Again, not that simple. The difference between income and expenditure is made up of a number of different elements; for simplicity, let's say that there is a 'cyclical' element - high payments on things like JSA at a time of recession coupled with lower receipts from income tax - and a 'structural' element - a long term underlying trend. I don't think that there's much argument that the 'structural' element of the Welsh deficit is higher than the corresponding element of the UK deficit, and in that sense, the opponents of independence have a point in drawing attention to it.

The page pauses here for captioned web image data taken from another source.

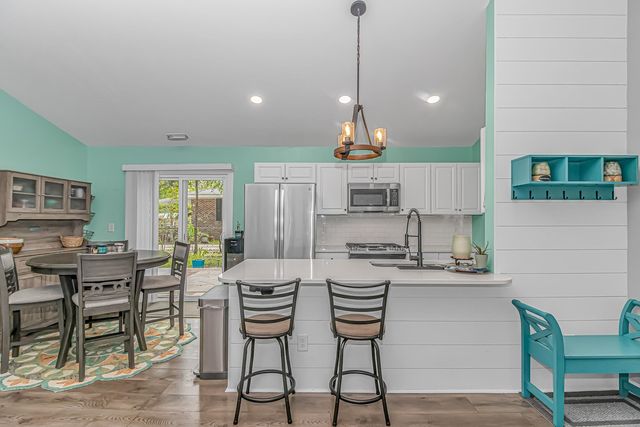 1014 Whitton St., Georgetown, SC 29440
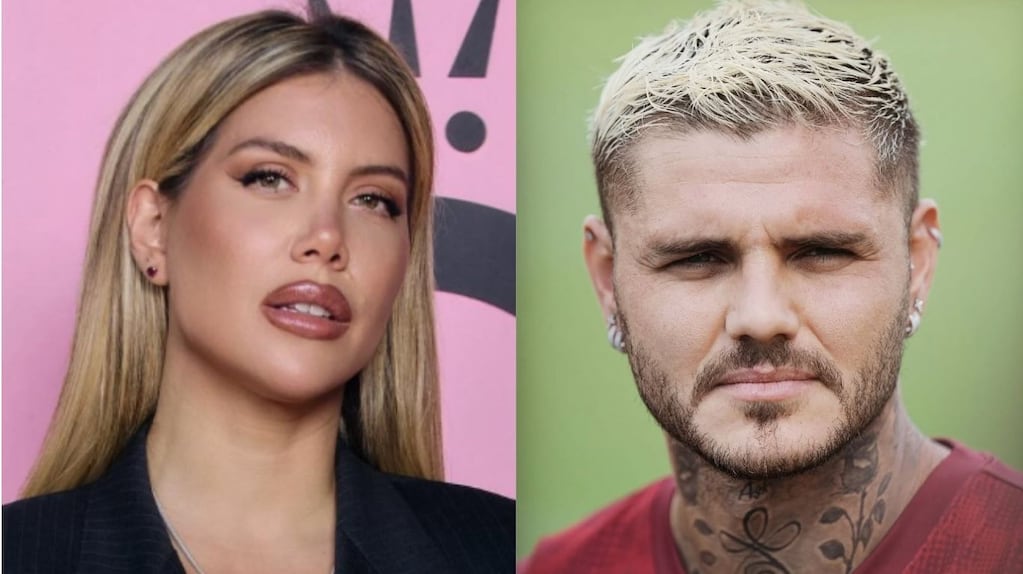 Se conoció la cifra millonaria que Wanda Nara deberá pagar por el divorcio de Mauro Icardi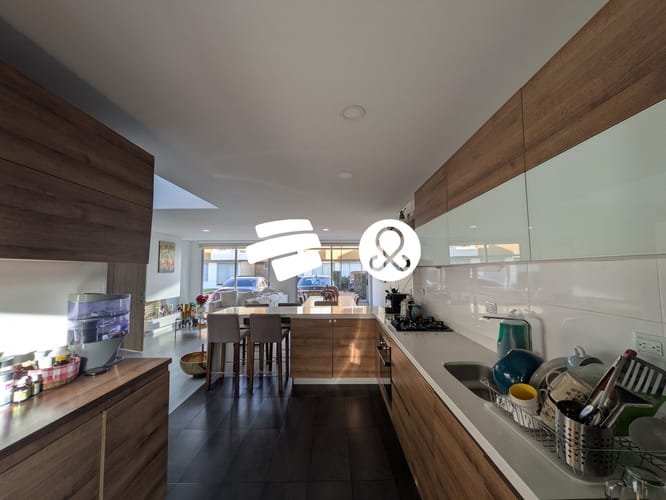 Casa de 4 alcobas en venta en La Estrella, Chía, 198 m² · foto 3 de 24
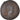 Moneda, Constantius II, Follis, 337-361, Antioch, BC+, Bronce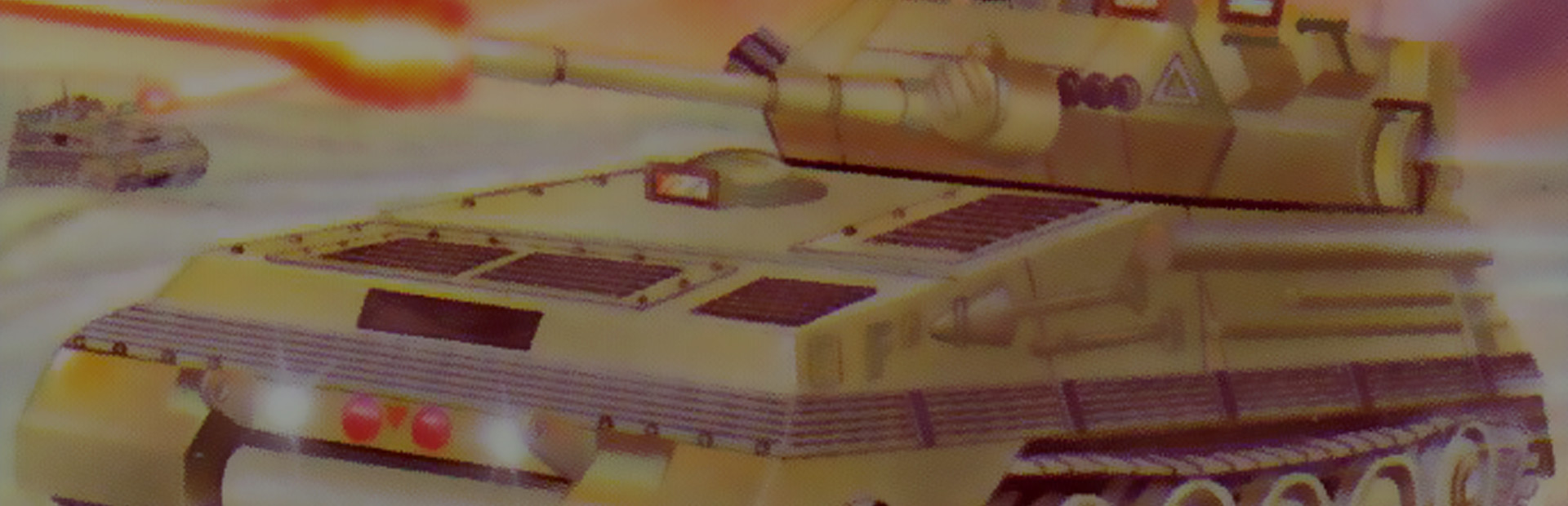 3D Combat Zone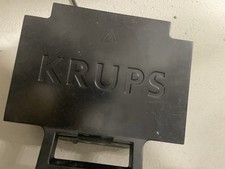 Krups sandwichmaker toaster gebraucht kaufen  München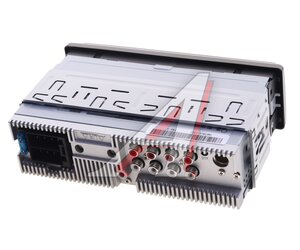 Изображение 3, INDIGO-878DSP-MKII Магнитола автомобильная 1DIN AURA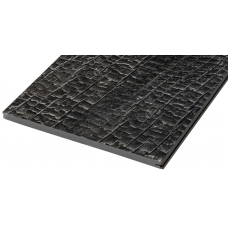 Фиброцементный сайдинг Decor Wood Угольное от производителя FCS Group по цене 1 580 р Фиброцементный сайдинг Decor Wood Угольное от производителя FCS Group по цене 1 580 р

The question, though, is political, not economic. Is that deficit an obstacle to being independent, or is it a reason for taking more control ourselves? Is it more likely to be rectified by continued membership of the union, or by independence? Personally, I came to the conclusion a long time ago that a Welsh Government, focussed on the needs of Wales, is more likely to tackle that issue than a UK Government which is ultimately more concerned with the overall position of the whole than with the relative position of the parts.
It doesn't answer your question, but it does, I hope, explain why there is never going to be one, single answer. Independence would not need to the disaster predicted by some, but neither is it the magic wand which others seem to believe. And, actually, it's not an easy choice - learning to stand on our own feet would be a challenging process.
Boncath said...
Can any one tell me what the likely expenditure and income would be of a totally independent Wales.
John has given a comprensive answer to this, but ....
My view is that the people that discuss it always assume that come independence nothing will change, except for the fact that we have become independent. So, all arguments and calculations are based on current criteria.
This, to my mind, is obviously rubbish. An independent Wales, led by whichever Party, would have its own priorities. Hence the stupidity of the question "How many aircraft carriers?"
John
Point me in the direction of the very best estimates that show Wales to have a higher spend than tax take
This is a real challenge
Yes things will be different in a independent Wales but think of all the fun in getting there and securing our future under our own control warts and all
Small sum and large sums, all was revealed years ago in Professor Parkinson`s book Parkinson`s Law and the case of the cycle shed approval and the multimillion pound expenditure. However, when politicians get involved the problems get more difficult and this was neatly summed up by the Luxembourg Prime Minister recently countering the charge that the EU leadership are lost on the current crisis, he stated “we know exactly what to do; what we have not figured out is how we get re-elect after we have done it”.
“we know exactly what to do; what we have not figured out is how we get re-elect after we have done it”.
Love it.
Boncath,
I blogged on a report from Oxford Economics about three years ago - the post is here, and it includes a link to the figures I was discussing. Bear in mind, though, as I pointed out at the time, these figures were never intended to answer the question about the viability of independence; they were produced for quite a different purpose. In that sense, the comment of Glyndo earlier in this thread ("the people that discuss it always assume that come independence nothing will change, except for the fact that we have become independent. So, all arguments and calculations are based on current criteria.") is very relevant.
It's the point that I've made whenever I've discussed the economics of independence - figures aren't absolute, they depend on the assumptions you make about a whole host of policy issues.
With all those caveats, the OE paper is a good attempt to estimate what is currently raised by taxes in Wales and how that is spent, even if it's now three years old.